• _EXERCISE DESCRIPTION_: Output the listing exactly as written, apart from its pictures.

• _SUPPLIED MATERIAL_:
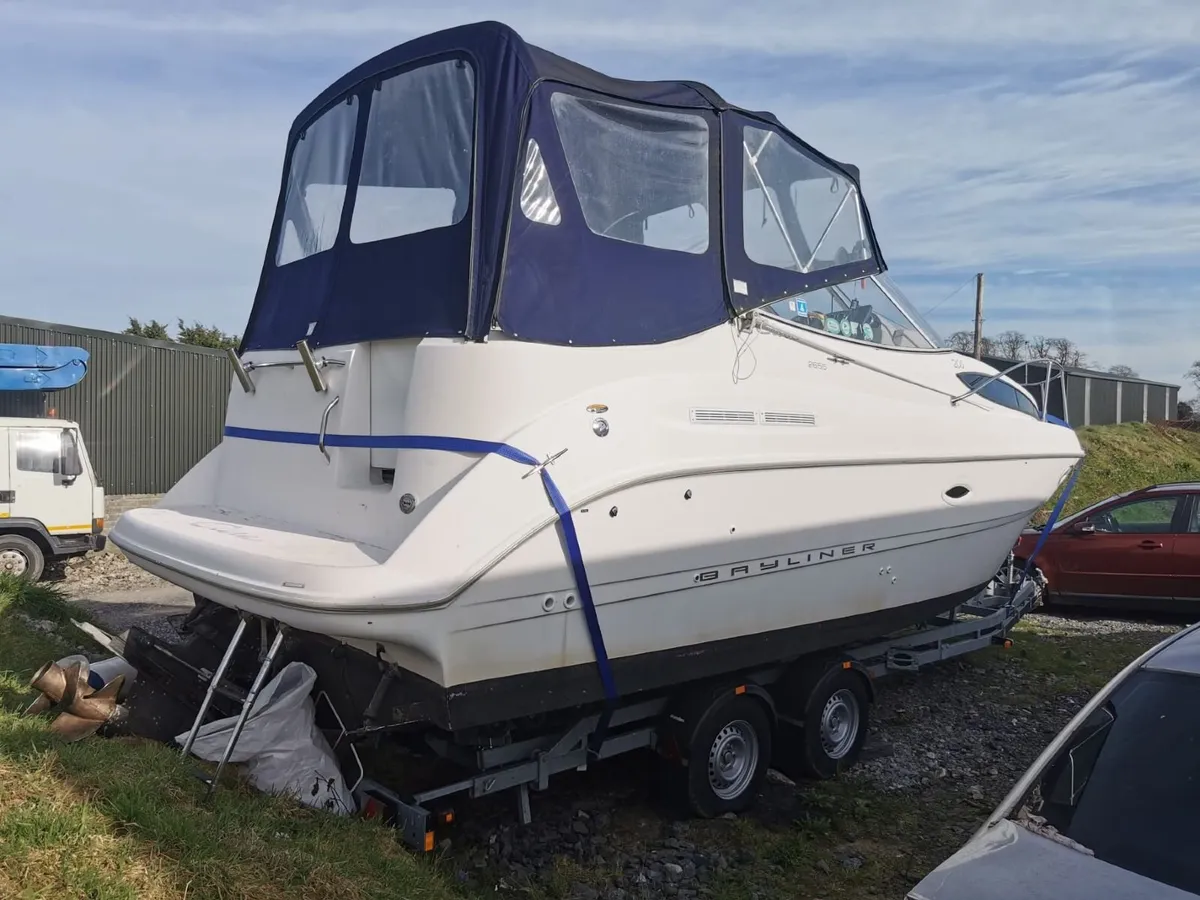 BAYLINER CIERA 2655 5.7 MERCRUISER - Image 2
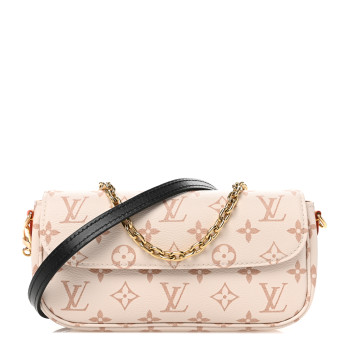 LOUIS VUITTON Monogram Dune Ivy Wallet On Chain
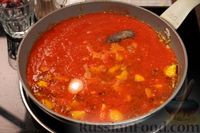 Фото приготовления рецепта: Мясные тефтели, тушенные в томатном соусе со сладким перцем - шаг №13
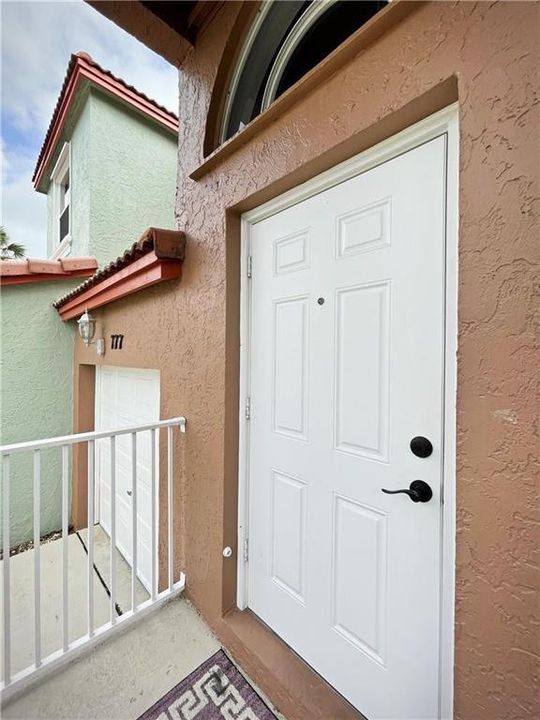 FrontDoor_GarageDoor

• _EXERCISE RESULT_:
 BAYLINER CIERA 2655 5.7 MERCRUISER - Image 2
 LOUIS VUITTON Monogram Dune Ivy Wallet On Chain
 Фото приготовления рецепта: Мясные тефтели, тушенные в томатном соусе со сладким перцем - шаг №13
 FrontDoor_GarageDoor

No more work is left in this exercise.